Muhammad Rasyid Ridha menulis dalam Tafsir Al-Manar: “Iman membangkitkan sinar dalam akal, sehingga merupakan petunjuk jalan ketika berjumpa dengan gelap keraguan. Dengan iman, seseorang akan mudah mengatasi batu penghalang yang dapat menjatuhkannya ke jurang kebinasaan. Iman menumbuhkan dalam diri manusia suatu pusat penelitian atas tiap detak-detak hati yang terlintas dan setiap pandangan yang terbentang. Dengan iman, seseorang dapat melihat tembus sesuatu yang tersirat dari kulit yang tersurat. Demikian itulah, Tuhan tidak menghasilkan sesuatu yang baik, kecuali dari yang baik pula.” Memang, dalam perjalanan hidup, terkadang ada timbul rasa ragu akan adanya Dia Yang Mahakuasa.
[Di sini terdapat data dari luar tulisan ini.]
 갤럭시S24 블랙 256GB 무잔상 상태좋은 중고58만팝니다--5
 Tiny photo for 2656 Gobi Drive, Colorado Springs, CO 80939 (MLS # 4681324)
Tetapi, jika kepercayaan tadi dicoba untuk ditinggalkan, akan terasa bahwa keraguan tidak hilang, tetapi justru bertambah. 
Amir al-Mukminin ‘Ali bin Abi Thalib pernah ditanya oleh Zi’lib Alyamani, dan terjadilah percakapan berikut: “Apakah Amir Al-Mukminin pernah melihat Tuhan?” “Bagaimana aku menyembah sesuatu yang aku tidak lihat?” “Bagaimana tuan melihat Dia?” “Dia tidak dapat dilihat oleh mata dengan pandangan yang nyata, tetapi Dia (keberadaan-Nya) dijangkau oleh hati dengan hakikat keimanan. Dia dekat dari segala sesuatu, tetapi tidak dapat disentuh. Dia jauh namun Dia tetap bersama segala sesuatu.” Bagaimana kita dapat melihat Tuhan dengan pandangan mata, sedangkan sebagian bukti ada-Nya saja – yaitu matahari – tidak dapat ditatap oleh mata kita. Kelelawar di siang hari bolong tidak dapat melihat, bukan karena tidak ada sesuatu, tetapi karena memang baru di kegelapanlah matanya dapat melihat. Perasaan akan adanya Allah dalam jiwa sanubari kita adalah sebagian hidup kita. Perasaan itu tidak dapat dipisahkan, sebagaimana tidak dapat dipisahkannya kasih ibu kepada anaknya, atau kasih suami kepada istrinya dalam suatu rumah tangga yang bahagia. Perasaan tersebut harus selalu dipelihara, diasah dan diasuh agar tidak luntur atau berkurang. Demikian itulah yang dilakukan oleh Rasulullah saw. selama di Makkah dan ketika beliau berada di Madinah. 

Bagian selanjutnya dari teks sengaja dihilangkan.